Biz küçük bir çocukken ezkaza küfürlü bir cümle kuracak
olsak, büyüklerimiz, “Ağzına biber sürerim” diyerek bizi uyarırlardı. Yöntem
çok isabetli olmasa da biz çocuklar, bu ikaz sayesinde, ettiğimiz “ayıp”ın
farkına varır ve mahcup olur, tekrarlamaktan kaçınırdık.
Böylesi ayıplar, gençlik dönemimizde vuku bulmuşsa,
“Utanmıyor musun böyle konuşmaya” şeklinde tepkilerle karşılaşırdık.

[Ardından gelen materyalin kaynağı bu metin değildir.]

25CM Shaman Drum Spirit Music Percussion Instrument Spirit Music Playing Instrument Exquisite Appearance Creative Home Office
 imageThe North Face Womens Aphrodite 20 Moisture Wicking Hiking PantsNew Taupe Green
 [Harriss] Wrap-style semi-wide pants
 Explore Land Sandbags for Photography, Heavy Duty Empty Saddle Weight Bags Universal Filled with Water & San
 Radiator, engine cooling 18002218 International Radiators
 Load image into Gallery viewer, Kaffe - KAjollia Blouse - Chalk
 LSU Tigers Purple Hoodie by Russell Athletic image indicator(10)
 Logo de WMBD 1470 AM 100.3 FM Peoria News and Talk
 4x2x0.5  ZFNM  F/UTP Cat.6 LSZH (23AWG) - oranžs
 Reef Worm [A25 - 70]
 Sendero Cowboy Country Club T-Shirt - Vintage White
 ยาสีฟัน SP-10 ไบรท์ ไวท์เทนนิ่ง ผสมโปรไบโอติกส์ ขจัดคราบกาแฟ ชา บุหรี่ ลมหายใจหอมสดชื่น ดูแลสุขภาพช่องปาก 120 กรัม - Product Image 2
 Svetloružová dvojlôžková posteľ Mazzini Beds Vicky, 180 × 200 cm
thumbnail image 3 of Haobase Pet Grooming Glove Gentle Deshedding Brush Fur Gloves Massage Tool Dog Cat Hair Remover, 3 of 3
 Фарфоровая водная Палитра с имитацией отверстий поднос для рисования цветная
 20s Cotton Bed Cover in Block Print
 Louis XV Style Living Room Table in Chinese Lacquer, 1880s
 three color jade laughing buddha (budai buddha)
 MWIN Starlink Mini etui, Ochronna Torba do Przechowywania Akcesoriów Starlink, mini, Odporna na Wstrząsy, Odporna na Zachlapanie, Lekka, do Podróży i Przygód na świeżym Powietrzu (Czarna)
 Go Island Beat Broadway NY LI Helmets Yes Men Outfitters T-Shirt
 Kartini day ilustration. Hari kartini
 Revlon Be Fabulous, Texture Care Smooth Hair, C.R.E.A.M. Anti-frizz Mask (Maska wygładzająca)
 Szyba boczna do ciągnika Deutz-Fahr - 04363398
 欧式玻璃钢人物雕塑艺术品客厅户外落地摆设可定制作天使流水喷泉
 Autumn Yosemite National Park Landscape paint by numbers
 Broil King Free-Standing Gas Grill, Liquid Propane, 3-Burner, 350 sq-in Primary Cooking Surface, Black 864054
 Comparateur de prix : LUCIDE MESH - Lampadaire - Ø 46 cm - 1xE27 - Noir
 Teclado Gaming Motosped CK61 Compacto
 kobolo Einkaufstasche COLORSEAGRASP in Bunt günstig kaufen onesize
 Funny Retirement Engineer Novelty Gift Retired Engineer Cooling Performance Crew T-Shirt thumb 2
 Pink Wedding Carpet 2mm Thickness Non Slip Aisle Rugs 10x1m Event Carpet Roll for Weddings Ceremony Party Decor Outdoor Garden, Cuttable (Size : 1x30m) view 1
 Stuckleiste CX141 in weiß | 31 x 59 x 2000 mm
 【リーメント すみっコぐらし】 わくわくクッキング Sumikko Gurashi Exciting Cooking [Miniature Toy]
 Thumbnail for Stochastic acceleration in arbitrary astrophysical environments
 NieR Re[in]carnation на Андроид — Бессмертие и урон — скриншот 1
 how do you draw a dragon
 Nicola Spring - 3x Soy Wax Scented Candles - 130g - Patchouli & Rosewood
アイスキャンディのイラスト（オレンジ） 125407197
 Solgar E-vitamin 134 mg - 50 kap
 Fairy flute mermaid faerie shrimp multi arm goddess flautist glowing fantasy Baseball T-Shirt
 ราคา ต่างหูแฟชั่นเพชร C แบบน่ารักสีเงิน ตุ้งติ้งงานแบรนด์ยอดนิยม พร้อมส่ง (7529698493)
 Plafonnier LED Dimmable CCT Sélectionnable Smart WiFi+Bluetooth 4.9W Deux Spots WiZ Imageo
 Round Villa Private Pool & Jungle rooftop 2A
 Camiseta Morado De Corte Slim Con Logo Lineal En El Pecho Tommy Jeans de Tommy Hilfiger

Üstelik bizi uyaranlar, sadece annemiz, babamız, abimiz,
ablamız olmazdı. Sokaktan geçen herhangi bir yetişkin, herhangi bir çocuğu,
genci uyarma hakkına ve yetkisine sahipti. “Tamam amca”, “peki teyze” diye
karşılık verdiğimiz büyüklerdi hepsi…
Günümüzde, çocukların ve gençlerin ağızları adeta
kanalizasyon borusuna dönmüş vaziyette… “S**arım”lar, “s**erim”ler, kahkahalar
arasında havada uçuşuyor… Vurgu ve tonlamalar, duraklar, artık küfür
ifadeleriyle yapılıyor. Virgül’ün ya da noktalı virgül’ün, çoğu zaman da nokta’nın karşılığı artık
“amk”…
Eskiden bozuk bir telâffuzla da olsa hiç olmazsa “anadın
mı?” (anladın mı?) “taam mı?” (tamam mı?) derlerdi… Şimdi onların yerini de
“amk” aldı… Çocukların ağızlarına biber sürecek, gençlere “Utanmıyor musun
böyle konuşmaya?!” diyecek yetişkinler de yok artık…
Nükteler, hicivler, lâtifeler “espri”ye, espriler de küfürlere
dönüştü… Lağıma batıp çıkan bir dilden nasıl tatlı söz çıkabilir? “Hoş sohbet”
nasıl ortaya çıkar? Cemil Meriç diyordu ki, “Gübreden güzel çiçekler fışkırır,
doğru; ama lağımdan çiçek fışkırdığı görülmüş mü?”